West Kelowna council directs staff to find cuts in 2026 budget
Looking for budget cuts
West Kelowna council wants options on how it can trim the 2026 property tax increase by one per cent.
The current 2026 financial plan includes a 7.6 per cent tax increase, however, after hearing from residents since setting that number in early December, council came back Tuesday seeking to bring that number down.
While Coun. Rick de Jong suggested getting down to 6 per cent and Coun Garrett Millsap was good somewhere between six and 6.5 per cent, council settled on a 6.6 per cent number recommended by Mayor Gord Milsom.
How the city gets there—either through a reduction in the 2 per cent levy to prop up future reserves, reduce services or a combination of the two—will be up to city staff to figure out.
What was clear Tuesday though, council was split on how to get there.
“There is no way we can get lower without a cut in services,” said de Jong, who told his colleagues he heard loud and clear from the public during the holiday break that they wished to see services cut as a way to cut taxes.
“We have to worry about today. I’m sorry, but we can’t put money into reserves,” countered Coun. Carol Zanon.
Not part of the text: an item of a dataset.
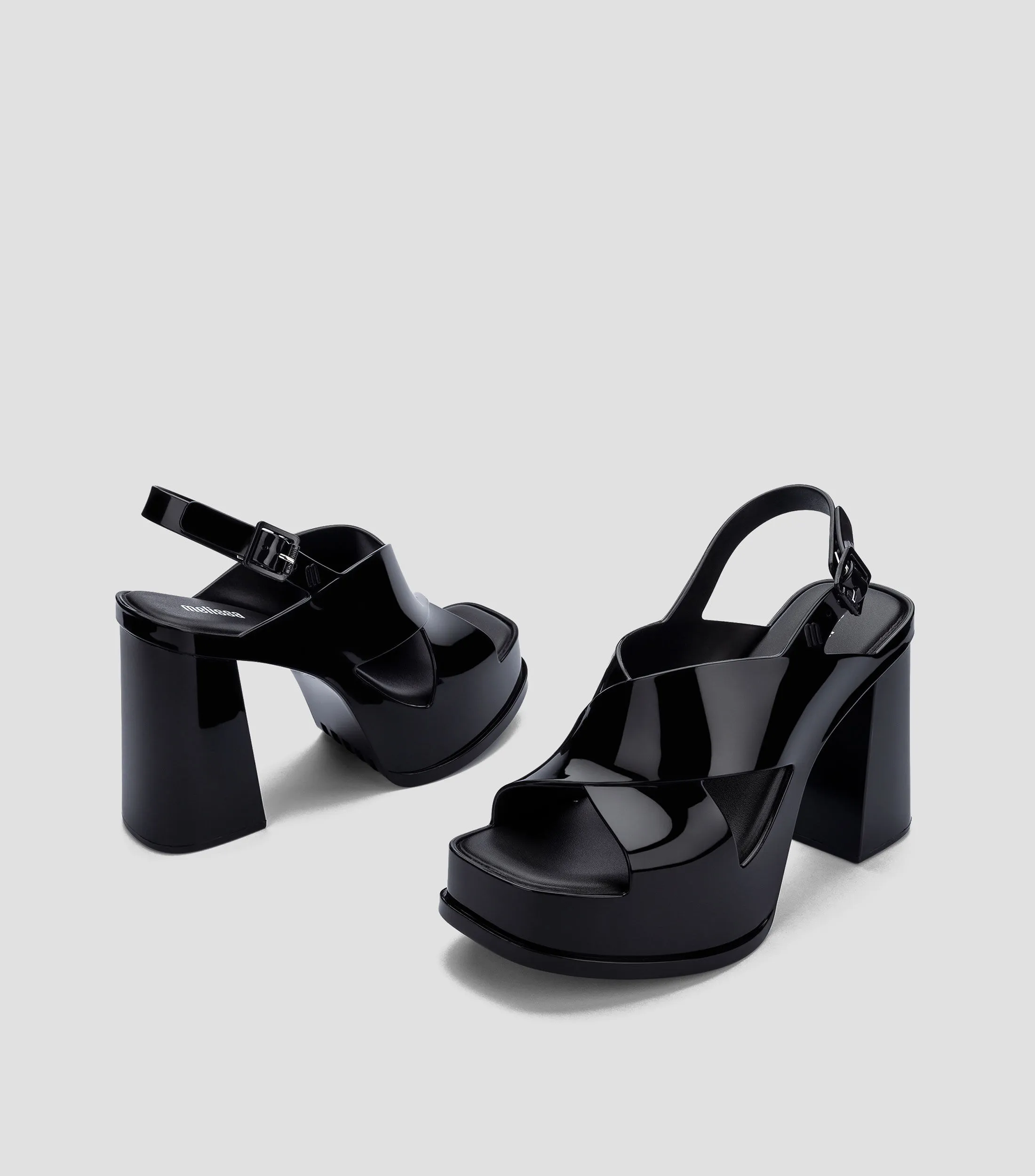 Melissa Zapatillas Slingback de tacón alto ancho Mujer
“Cutting is just kicking this down the road,” added Coun. Tasha Da Silva. “I would like to keep or increase services. I think transfer to reserves is the only place to cut.”
Da Silva rationalized the city is growing and these services will need to be increased as that growth happens and cutting them would only put the city further behind.
Coun. Stephen Johnston told council the city is where it is right now because of poor decisions made by past councils, saying council may have to work with what they have.
While council agreed to ask staff to come back with recommendations on where it can find that one per cent, Da Silva asked that all options be brought back, both in cuts to reserve transfers and cuts in services.
Council also deferred third reading of the financial plan while it awaits recommendations from staff at a future meeting.
Council also trimmed $43,000 from the grant-in-aid requests.
At the recommendation of Mayor Milsom, council approved grants-in-aid at the same level as last year, meaning organizations seeking additional grant funding were denied that extra money while requests from new organizations were denied entirely.